About this task - Starting with the line that has "20914 Lake Park Trail - Photo Thumbnail 6" in the records below and ending with the line that has "816 Lilyquist Way", output those lines exactly and nothing more; omit the pictures.

(Collection entries)
§ §
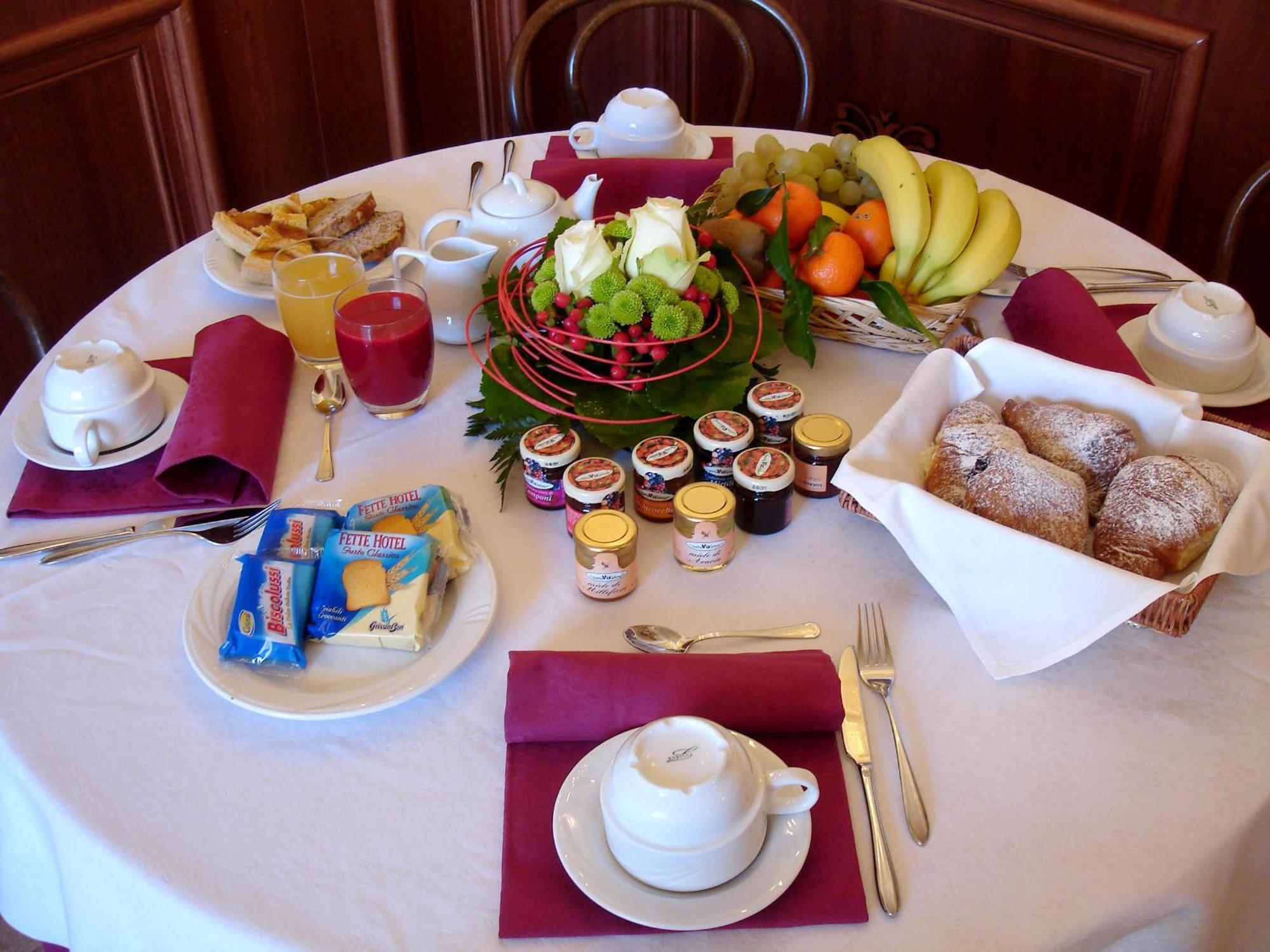 Nouvel Hotel Des Bains 페자로 외부 사진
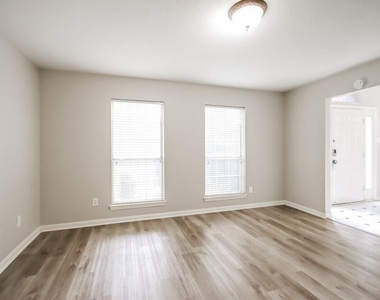 20914 Lake Park Trail - Photo Thumbnail 6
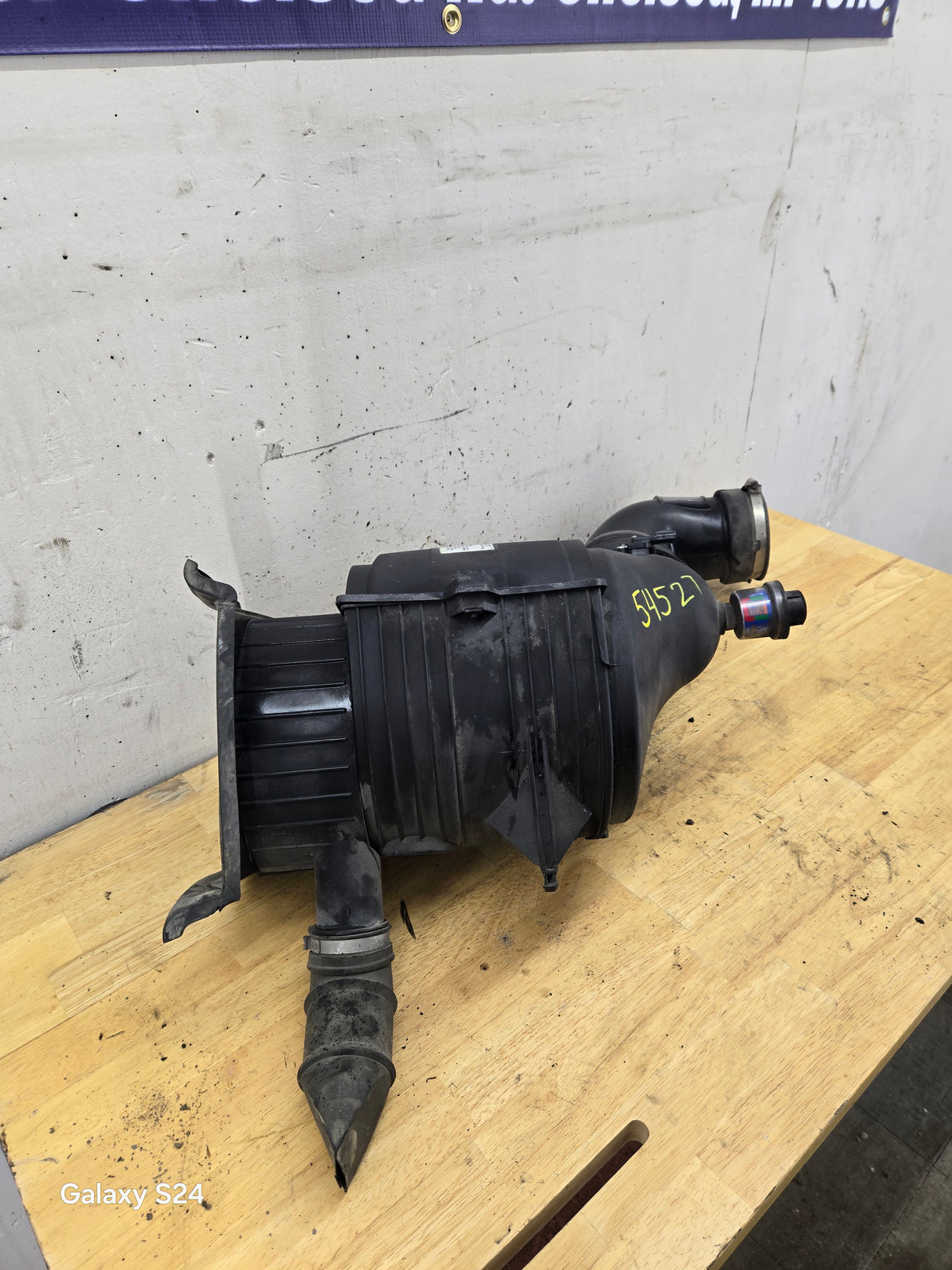 2007-2010 Chevrolet Silverado / GMC Sierra Engine Air Intake Box Cleaner 25839609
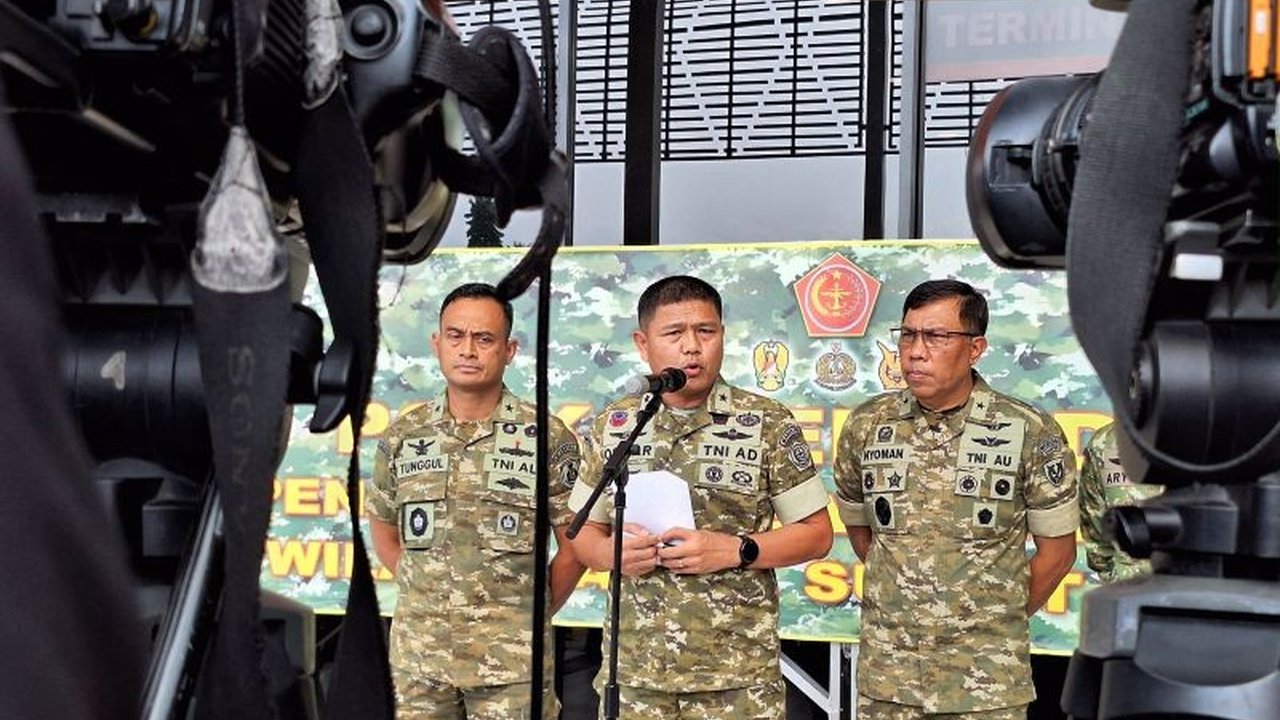 TNI sigap mengerahkan pemurni air dan dapur lapangan ke lokasi bencana di Sumatera, memastikan ketersediaan air bersih dan pangan bagi warga terdampak. Simak detail Bantuan TNI Bencana Sumatera ini.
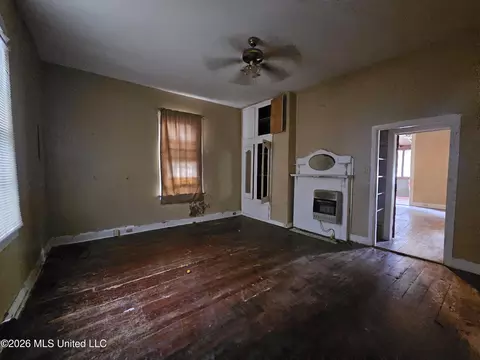 Living - 500 B St, Natchez, MS 39120 photo 2 of 2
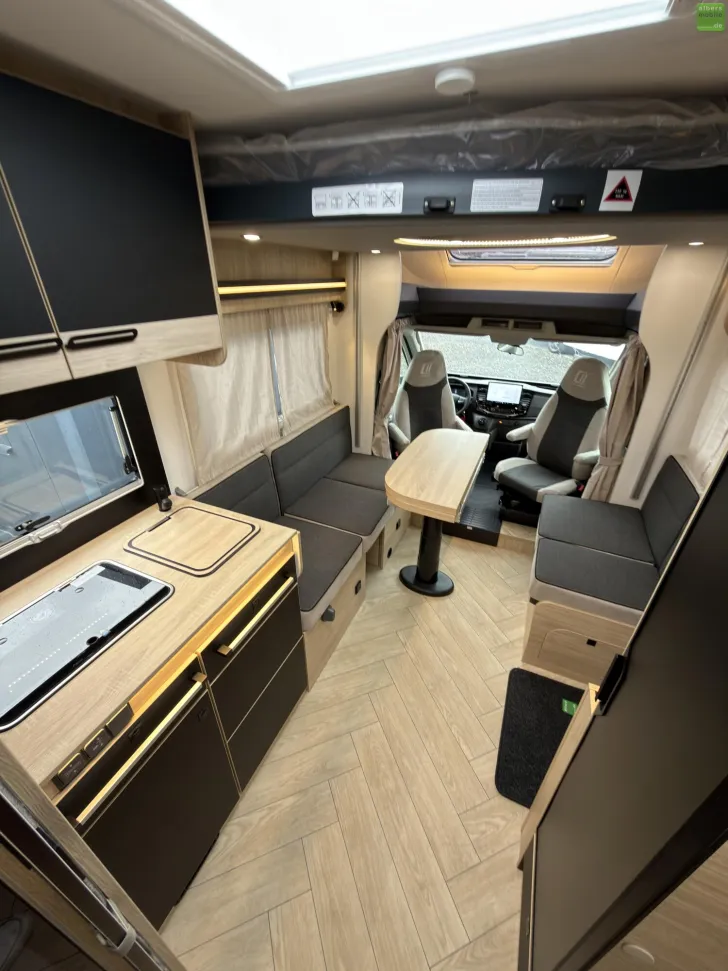 Fahrzeugbild Challenger Teilintegriert Graphite Edition 250 Arctic 2026 #22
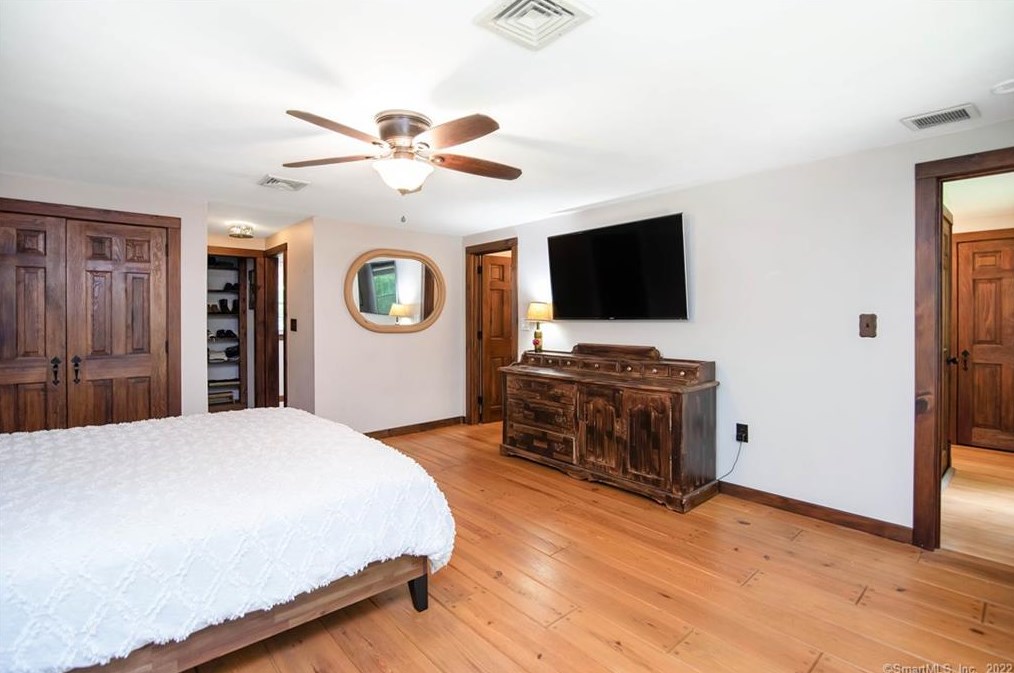 57 Old Kent Rd, Tolland CT 06084-3742 exterior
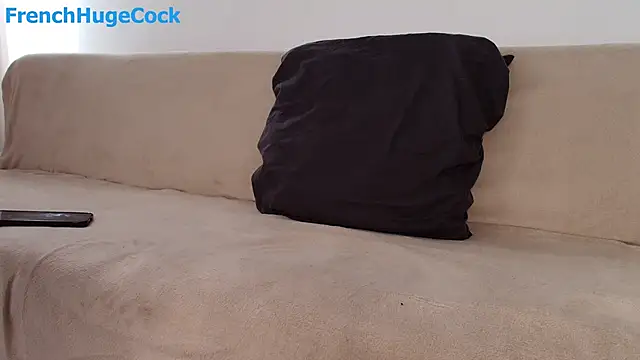 Snapshot of French-Huge-Cock chatting on June 15, 11:34 am French-Huge-Cock online show from June 15, 11:34 am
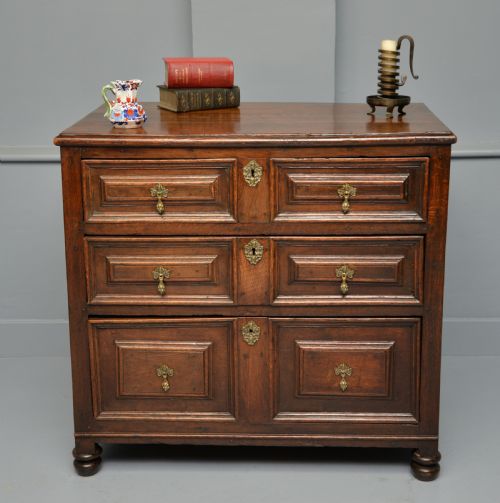 WILLIAM AND MARY LATE 17TH CENTURY OAK CHEST OF DRAWERS - ADDITIONAL PHOTO 7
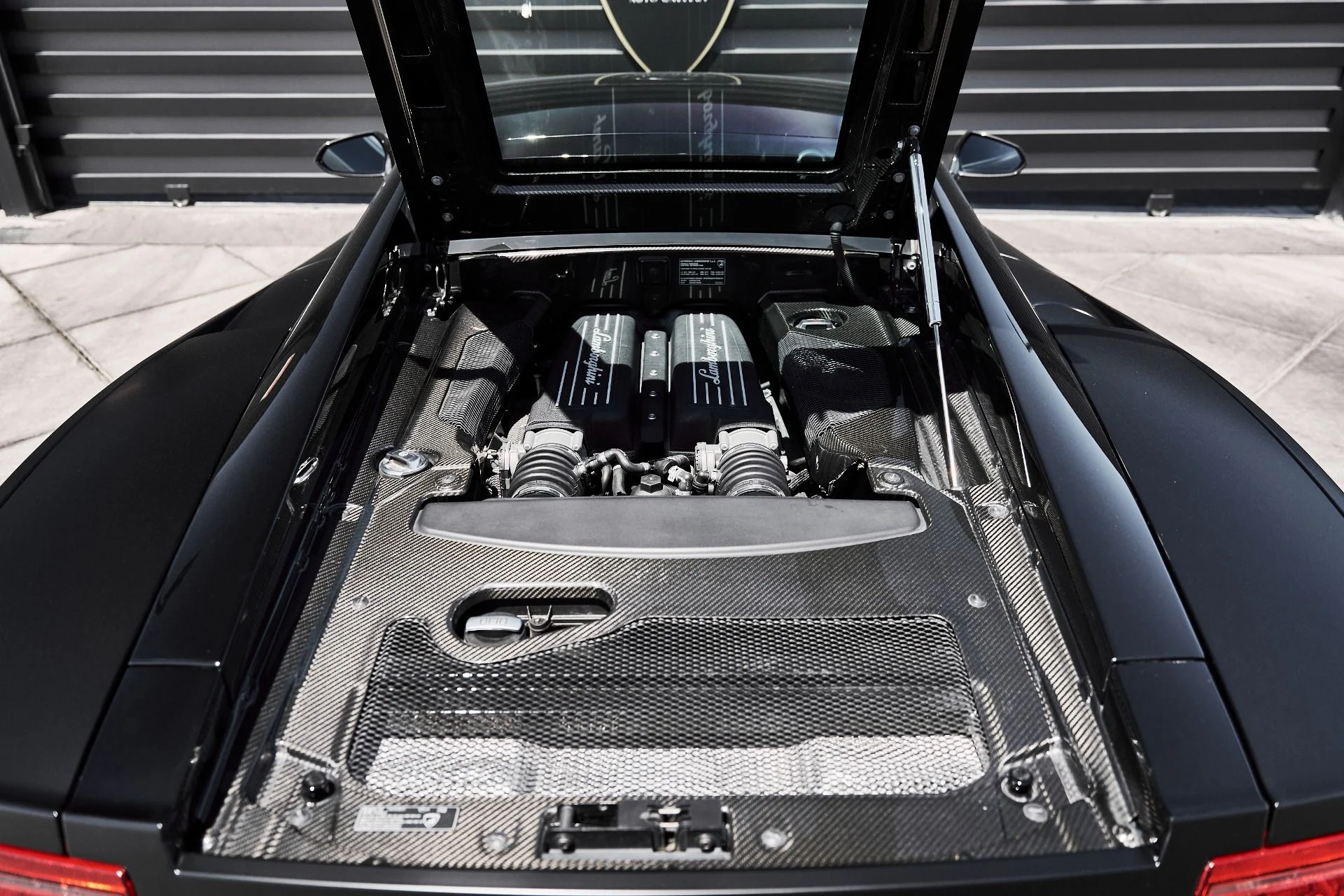 mph023_3957088251_Used_2010_Lamborghini_Gallardo_LP_560_4_1781313853_8c4449595c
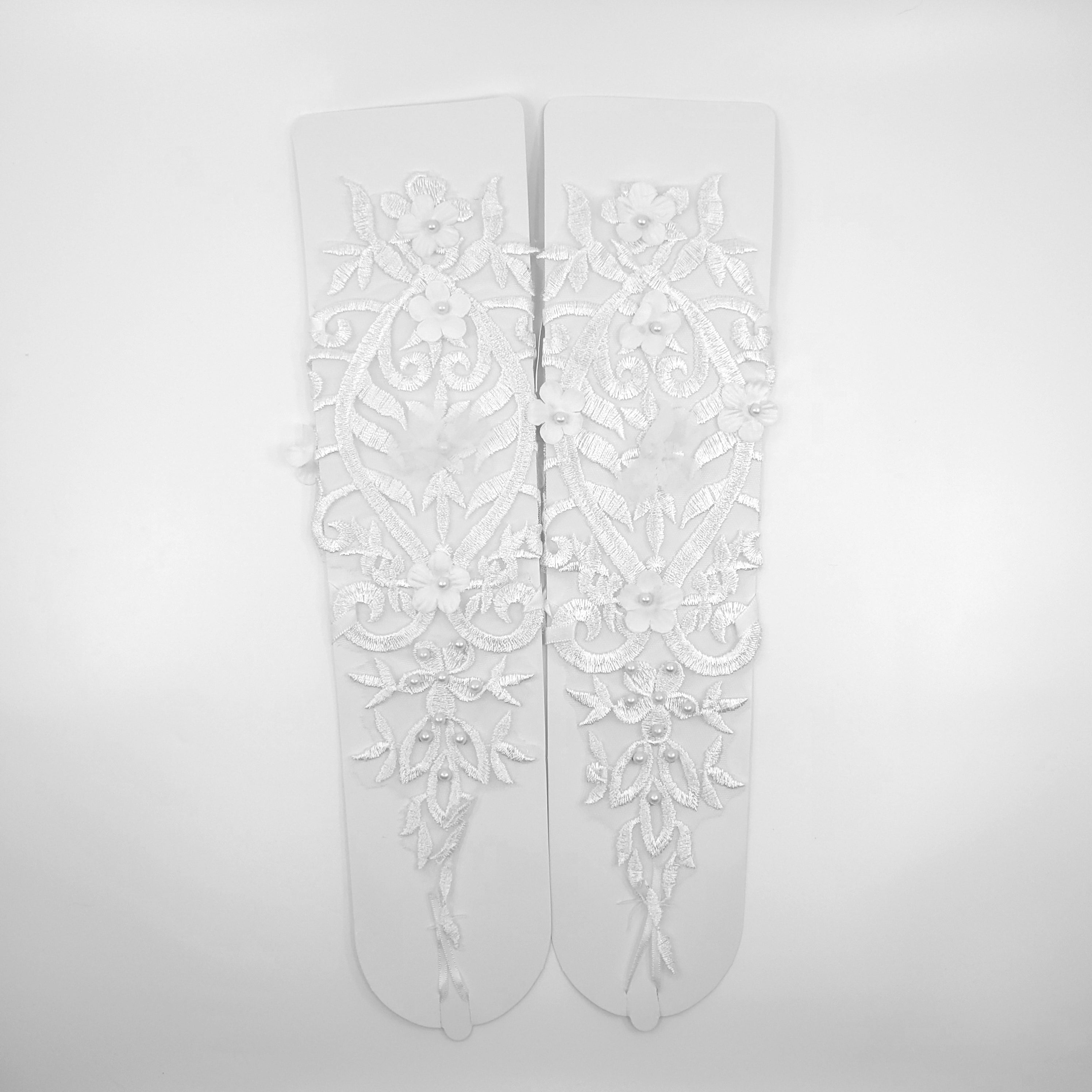 WEDDING GLOVE LACE UP FINGERLESS FLORAL 230 (12PC)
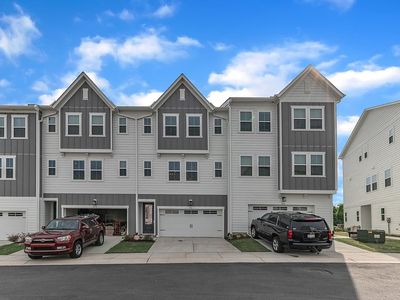 816 Lilyquist Way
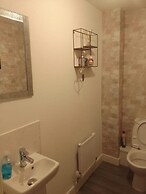 Apartment Sleeps 10 - Pets, Parking, Ev Charging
§ §
Exercise output -
 20914 Lake Park Trail - Photo Thumbnail 6
 2007-2010 Chevrolet Silverado / GMC Sierra Engine Air Intake Box Cleaner 25839609
 TNI sigap mengerahkan pemurni air dan dapur lapangan ke lokasi bencana di Sumatera, memastikan ketersediaan air bersih dan pangan bagi warga terdampak. Simak detail Bantuan TNI Bencana Sumatera ini.
 Living - 500 B St, Natchez, MS 39120 photo 2 of 2
 Fahrzeugbild Challenger Teilintegriert Graphite Edition 250 Arctic 2026 #22
 57 Old Kent Rd, Tolland CT 06084-3742 exterior
 Snapshot of French-Huge-Cock chatting on June 15, 11:34 am French-Huge-Cock online show from June 15, 11:34 am
 WILLIAM AND MARY LATE 17TH CENTURY OAK CHEST OF DRAWERS - ADDITIONAL PHOTO 7
 mph023_3957088251_Used_2010_Lamborghini_Gallardo_LP_560_4_1781313853_8c4449595c
 WEDDING GLOVE LACE UP FINGERLESS FLORAL 230 (12PC)
 816 Lilyquist Way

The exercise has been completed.